# High voltage power steering pump?



## Olaf-Lampe (Feb 24, 2010)

Hi Raymond, 
I have an electric PS in my Renault Clio electrique ( no DIY ). It is only fused 20A, meaning it cannot draw more than 250W. I think it comes from Pierburg, but I can check the manual later. More important than PS is brake assist, at least in modern cars. Do you have a solution for that?
One day I disengaged both PS and PB to save some energy, but even with the nice regen braking from my Clio, I felt unsave without PB.

Groeten,
Olaf, working in Echt (Limburg, NL)
PS: I have a Clio PB-pump as spare for sale.....


----------



## Woodsmith (Jun 5, 2008)

Solution is to not try to run the 12V PS pump from the DC-DC converter.

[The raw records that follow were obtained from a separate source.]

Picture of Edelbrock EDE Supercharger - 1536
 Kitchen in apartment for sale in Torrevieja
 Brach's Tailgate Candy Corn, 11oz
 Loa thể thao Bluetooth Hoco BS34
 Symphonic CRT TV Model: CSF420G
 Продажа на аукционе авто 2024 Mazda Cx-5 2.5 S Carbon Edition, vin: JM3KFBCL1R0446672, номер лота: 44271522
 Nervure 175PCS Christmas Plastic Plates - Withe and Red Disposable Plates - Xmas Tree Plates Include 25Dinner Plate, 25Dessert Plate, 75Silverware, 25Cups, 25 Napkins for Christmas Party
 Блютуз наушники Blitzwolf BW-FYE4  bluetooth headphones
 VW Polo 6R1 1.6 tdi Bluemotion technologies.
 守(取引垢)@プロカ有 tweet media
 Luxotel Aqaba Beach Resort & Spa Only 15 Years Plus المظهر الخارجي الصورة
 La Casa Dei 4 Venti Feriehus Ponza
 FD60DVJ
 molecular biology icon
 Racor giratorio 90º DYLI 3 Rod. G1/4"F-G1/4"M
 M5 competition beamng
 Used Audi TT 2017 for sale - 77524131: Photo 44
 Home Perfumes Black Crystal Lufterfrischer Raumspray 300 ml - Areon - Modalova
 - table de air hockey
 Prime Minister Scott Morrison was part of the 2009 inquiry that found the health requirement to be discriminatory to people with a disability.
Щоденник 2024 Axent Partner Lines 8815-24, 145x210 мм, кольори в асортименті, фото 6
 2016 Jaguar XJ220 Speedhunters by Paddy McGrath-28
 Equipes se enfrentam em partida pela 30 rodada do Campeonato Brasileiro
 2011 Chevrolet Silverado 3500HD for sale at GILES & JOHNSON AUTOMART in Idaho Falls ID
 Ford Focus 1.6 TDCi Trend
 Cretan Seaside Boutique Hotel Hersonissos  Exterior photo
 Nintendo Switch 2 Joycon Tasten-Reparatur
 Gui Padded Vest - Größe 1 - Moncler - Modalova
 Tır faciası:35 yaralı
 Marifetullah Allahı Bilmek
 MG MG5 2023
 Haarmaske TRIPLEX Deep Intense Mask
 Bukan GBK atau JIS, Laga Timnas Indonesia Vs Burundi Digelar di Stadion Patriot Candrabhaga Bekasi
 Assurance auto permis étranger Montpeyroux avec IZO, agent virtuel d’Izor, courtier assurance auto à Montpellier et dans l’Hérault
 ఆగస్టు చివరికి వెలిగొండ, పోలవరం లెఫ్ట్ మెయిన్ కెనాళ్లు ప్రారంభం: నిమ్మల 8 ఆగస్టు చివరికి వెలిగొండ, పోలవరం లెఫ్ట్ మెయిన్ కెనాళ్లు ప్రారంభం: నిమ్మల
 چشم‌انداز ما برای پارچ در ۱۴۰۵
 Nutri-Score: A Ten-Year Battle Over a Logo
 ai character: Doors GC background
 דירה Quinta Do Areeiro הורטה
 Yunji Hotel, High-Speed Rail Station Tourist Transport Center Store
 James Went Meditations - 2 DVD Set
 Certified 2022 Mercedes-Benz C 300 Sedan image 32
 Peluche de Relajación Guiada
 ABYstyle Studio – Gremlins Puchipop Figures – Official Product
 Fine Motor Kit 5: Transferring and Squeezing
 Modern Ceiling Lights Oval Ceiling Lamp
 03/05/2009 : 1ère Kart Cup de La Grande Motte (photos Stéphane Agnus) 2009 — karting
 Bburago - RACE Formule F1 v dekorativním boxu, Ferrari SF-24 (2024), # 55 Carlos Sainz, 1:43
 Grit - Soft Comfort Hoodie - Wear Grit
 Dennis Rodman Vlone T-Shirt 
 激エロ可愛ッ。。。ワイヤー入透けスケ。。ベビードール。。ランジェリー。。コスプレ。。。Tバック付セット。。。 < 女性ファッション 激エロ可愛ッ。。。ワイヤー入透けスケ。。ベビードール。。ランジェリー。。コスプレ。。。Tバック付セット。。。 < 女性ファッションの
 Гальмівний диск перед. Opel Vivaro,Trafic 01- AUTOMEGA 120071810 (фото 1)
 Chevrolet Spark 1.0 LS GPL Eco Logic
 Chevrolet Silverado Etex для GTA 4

Use a small accessories battery to provide the current on demand and a smaller DC-DC converter to top up the battery.

Unless you spend all your time parking the car the pump will be off, or on standby, most of the time giving the battery time to recharge.

If you have a pack voltage pump then you will have all the problems of switching high voltage DC to deal with.
However, if you really want one then you could adapt a small forklift pump motor from, say, a 72V forklift. I think some of them have steering pumps separate to the main hydraulic pump.


----------